I think its right to question it, certainly.

That's what bothers me about this patch, too.  It will be increasing
the cost of writing WAL (more data -> more CRC computation and more
I/O, not to mention more contention for the WAL locks) which translates
directly to a server slowdown.

I don't really understand this concern. Koichi-san has included a
parameter setting that would prevent any change at all in the way WAL is
written.
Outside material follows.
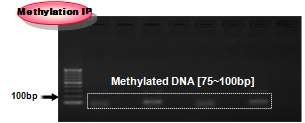 혈액시료로부터 methylated DNA 추출을 위한 IP 조건 확립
If you don't want this slight increase in WAL, don't enable it.
If you do enable it, you'll also presumably be compressing the xlog too,
which works much better than gzip using less CPU. So overall it saves
more than it costs, ISTM, and nothing at all if you choose not to use
it.

The main arguments that I could see against Andreas' alternative are:

1. Some WAL record types are arranged in a way that actually would not
permit the reconstruction of the short form from the long form, because
they throw away too much data when the full-page image is substituted.
An example that's fresh in my mind is that the current format of the
btree page split WAL record discards newitemoff in that case, so you
couldn't identify the inserted item in the page image.  Now this is only
saving two bytes in what's usually going to be a darn large record
anyway, and it complicates the code to do it, so I wouldn't cry if we
changed btree split to include newitemoff always.  But there might be
some other cases where more data is involved.  In any case, someone
would have to look through every single WAL record type to determine
whether reconstruction is possible and fix it if not.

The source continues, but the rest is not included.